Natanja blogt over haar leven als moeder van een dochter van 11 en een zoon van 8. En waar ze allemaal tegenaan loopt. Soms is dat vooral tegen zichzelf…
‘Mam? ik kan weer niet slapen.’ Zachtjes stommelt mijn zoon de trap af, de badstof capuchon van zijn ochtendjas over zijn bleke koppie. Voor de derde avond op rij staat hij huiverend van moeheid in de woonkamer. Normaal gaat ‘ie liggen, wordt er gelezen en verdwijnt hij daarna naar dromenland. Dat lijkt ineens niet meer te lukken.
‘Kom eens zitten. Vertel, wat gaat er in je om.’ Hij kruipt naast me op de bank. Mijn man komt erbij zitten. ‘Ik weet het niet,’ zegt hij schouderophalend. Dan komen de tranen. Zachtjes: ‘Ik ben gewoon klaar met corona.’ Stevig trek ik hem tegen me aan. Weken quarantaine, regels die maar niet versoepeld werden, zijn beste vriendjes op afstand – want zat hij niet in quarantaine, dan zaten z’n matties het wel – af en toe is hij er volledig klaar mee. ‘Ik begrijp het heel goed,’ zeg ik tegen hem, ‘het is ook niet niks.’ Hij krult zich nog wat verder op. Na wat te eten en drinken, goed uithuilen en een kus begeleidt mijn man hem weer naar boven.
Zodra de deur achter hen sluit begint mijn hoofd te malen. Soms ben je bang dat je ook je minder geweldige genen aan je kinderen doorgeeft, nou, dit onderwerp is er een van. Ik kan enorm van het leven genieten, maar ben op sommige momenten niet de grootste pretletter. Dan word ik wakker met een wolk boven mijn hoofd, en kan de dag volledig overschaduwd zijn. In mijn studententijd ging dat echt goed mis. Toen zakte ik, zonder het aan te zien komen, weg in de dieptes van een nietsontziende depressie. Met als absolute dieptepunt het moment dat ik me op een maandagochtend meldde bij een psychiater van de crisisdienst. Mijn angsten en paniek, het wezensvreemd voelen en het losgezongen zijn van de wereld om me heen kon ik niet meer verdragen. Ik was kwijt.
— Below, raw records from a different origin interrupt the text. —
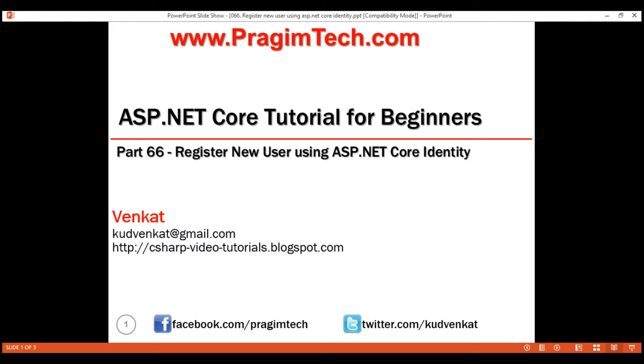This is part 66 of the ASP.NET Core tutorial. In this video, we'll discuss how to register a new user using ASP.NET Core Identity.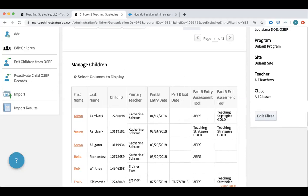I want to make sure that Part B entry assessment tool and Part B exit assessment tool are selected. The reason why that's important is that once we get into running the federally mandated report, we want to make sure the exit assessment tool is Gold and the entry assessment tool is either AEPS or Gold. If anything else has been selected, it could skew the results for the federally mandated report.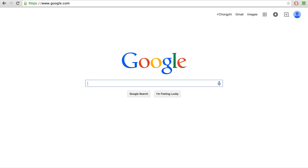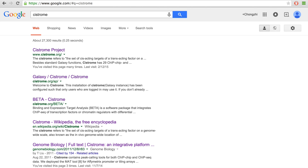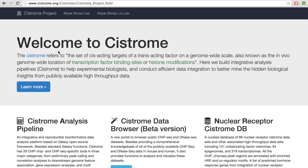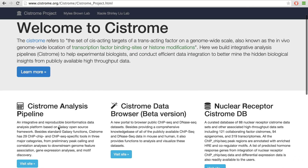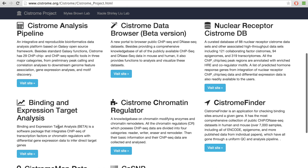Now let's take a look at what the Cistrome AP interface looks like. Simply Google Cistrome and go to the first hit for the Cistrome website. We can see the Cistrome Analysis Pipeline shown on the top left panel. We also have a few other projects for public data collection, integration, data browsing, and data mining that you are welcome to try. But now let's go to the Cistrome Analysis Pipeline website.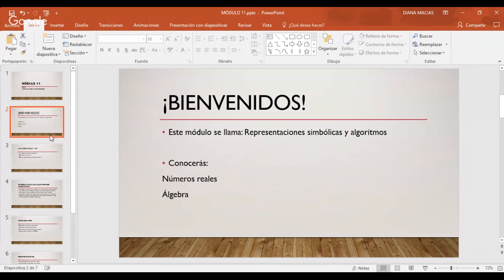Este módulo se llama Representaciones Simbólicas y Algoritmos. Desde que algunos de ustedes vieron cuál era el módulo que seguía en el módulo 10, empezaron a moverse las ansiedades acerca de las matemáticas, de tal manera que incluso tenemos algunos alumnos que no se han querido conectar. Estamos haciendo todo lo posible para ser más llevadero este módulo, coordinándonos entre facilitadores, tutores y SACs.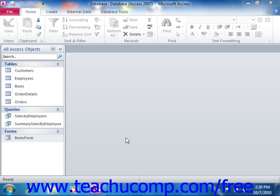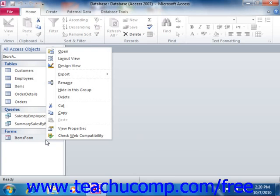To access the form and report design view, you right-click on the name of the form or report that you want to modify from the listing shown in the navigation pane. Then select the Design View command in the pop-up menu that appears in order to open it in Design View.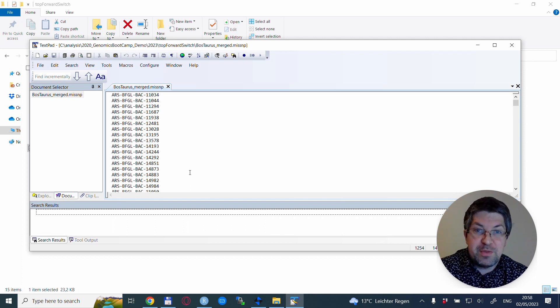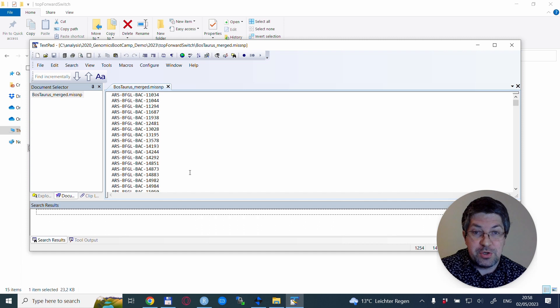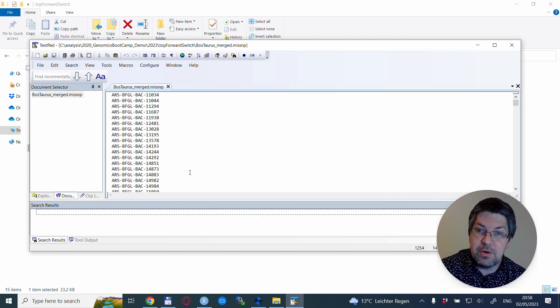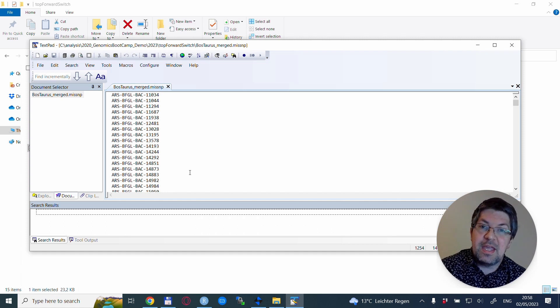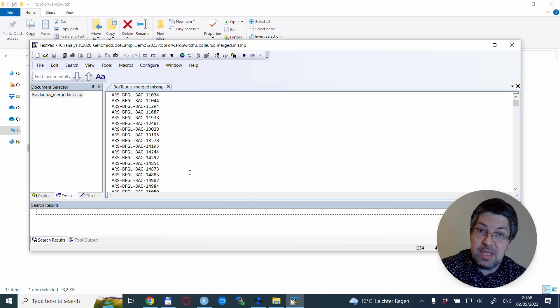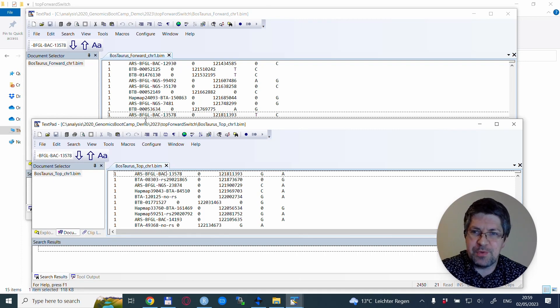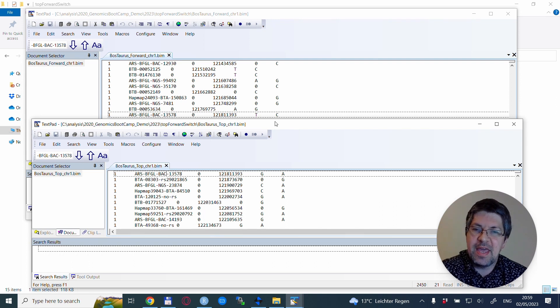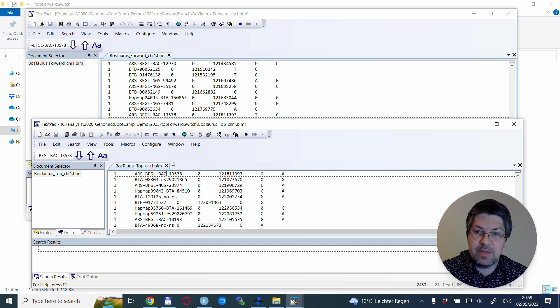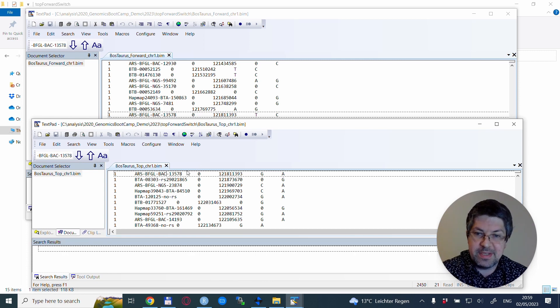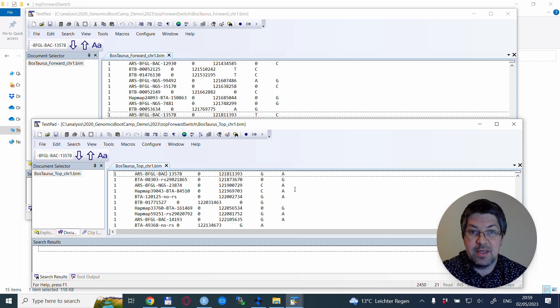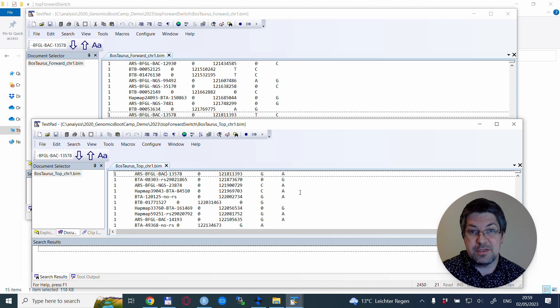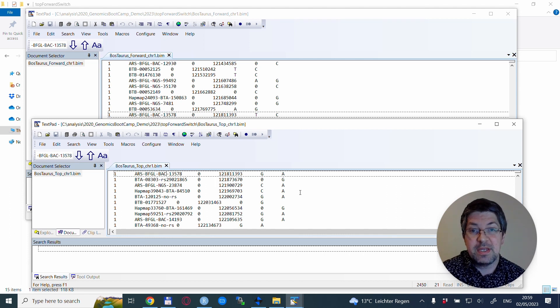To ensure that we have a different allele coding, we can take any of these SNPs and check them in the original data files. I selected this ARS13578 and you see in the forward dataset it's a TC SNP, and in the TOP dataset this same SNP is a GA SNP. The alleles are different because for some SNPs the alleles are very different in TOP and forward coding.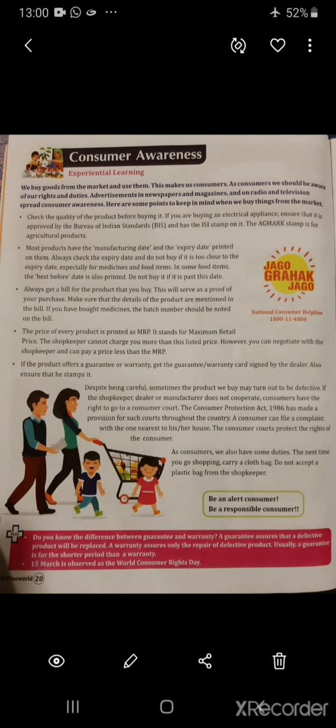Despite being careful, sometimes the product we buy may turn out to be defective. If the shopkeeper, dealer, or manufacturer does not cooperate, consumers have the right to go to a consumer court. The Consumer Protection Act 1986 has made a provision for such courts throughout the country.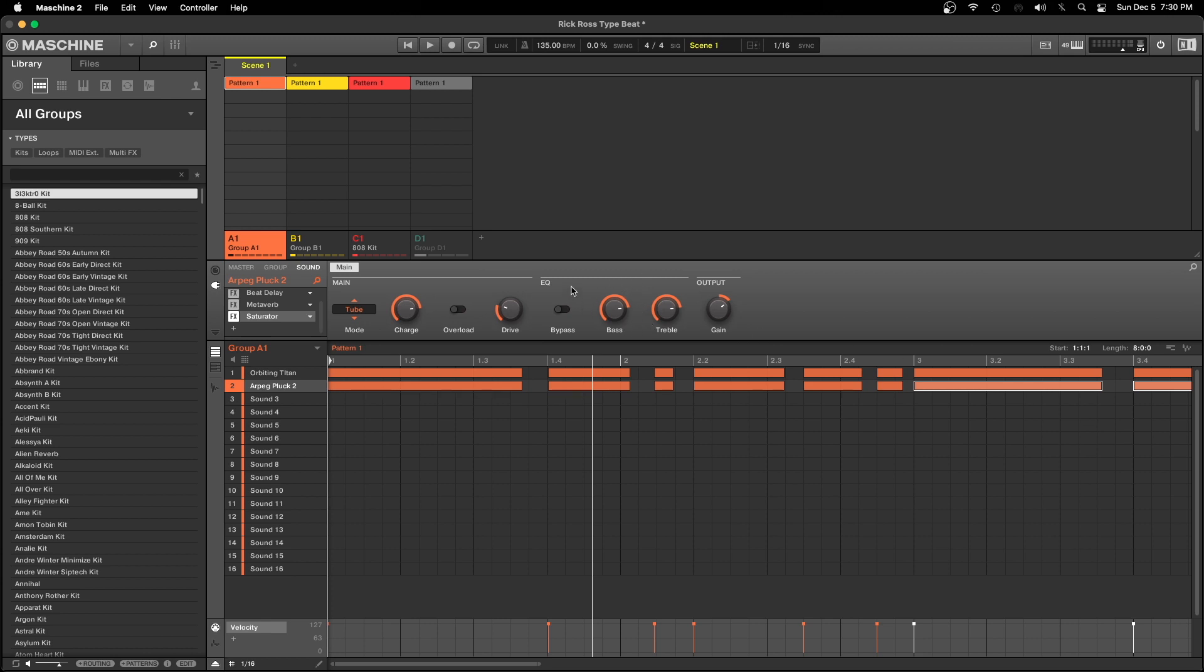So the first thing we gonna do is talk about real estate. Real estate is very important when it comes to making beats, no matter what program you're in. So the first thing we gonna show you in Machine is this.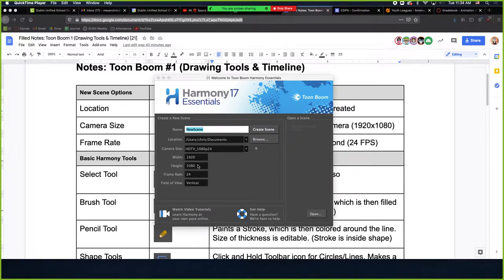Alright, greetings folks. Welcome. We're going to be looking at the Toon Boom Harmony notes. We're just going over very, very basic stuff.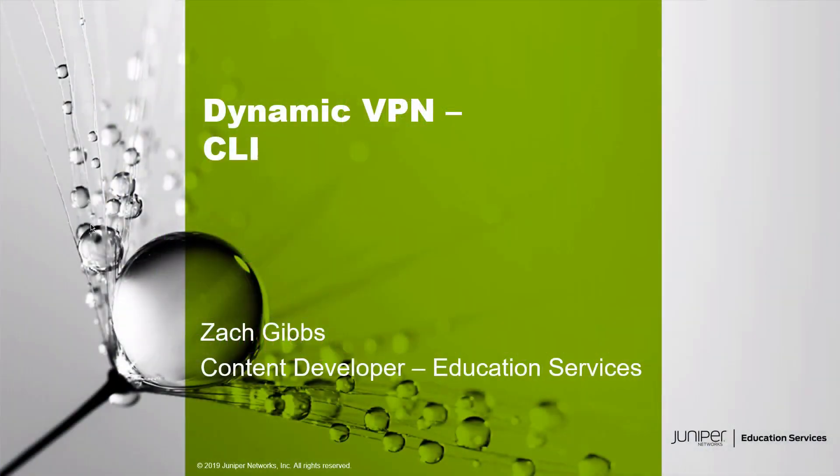Hello, my name is Zach Gibbs and I'm a content developer within education services inside Juniper Networks. Today we will be discussing the Dynamic VPN CLI Learning Byte.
Ik hoop al jaren dat deze aanleg tot somberen aan mijn kinderen voorbij gaat
Gelukkig ben ik door de jaren heen een stuk evenwichtiger geworden maar toch, ik hoop al jaren dat deze aanleg tot somberen aan mijn kinderen voorbij gaat. Ik gun ze oeverloos optimisme en het leven altijd van de zonnige kant kunnen bekijken. Terwijl ik aan mijn zoon denk blijkt de hele gedachtegang over die periode en aan de andere kant de angst dat het zich bij mijn bloedjes herhaalt geen goede combi. De riedel ontvouwt zich in pakweg twee minuten van ‘lastig, dat hij even zo’n dip heeft’ tot het kaliber ‘zie je wel, hij is depressief, en dat heeft ‘ie aan mijn genen te danken’. Mijn man vindt me snotterend op de bank.
‘Oh jee’, zegt hij.
‘Wat moeten we hier nou mee?’ vraag ik panisch. ‘Straks wordt hij nooit meer blij. Straks is hij óók kwijt.’ Sussend gaat hij tegenover me zitten. ‘Het is een lastige tijd voor hem. Alles lijkt uitzichtloos en steeds de veerkracht opbrengen om met de veranderende situatie om te gaan is echt niet makkelijk. Ik ga de komende dagen veel met hem bewegen, we letten op zijn bedtijd, we houden negatief gedoe buiten de deur, en dan wordt het vanzelf lente. Ook in zijn hoofd. Echt. Maak het niet te groot.’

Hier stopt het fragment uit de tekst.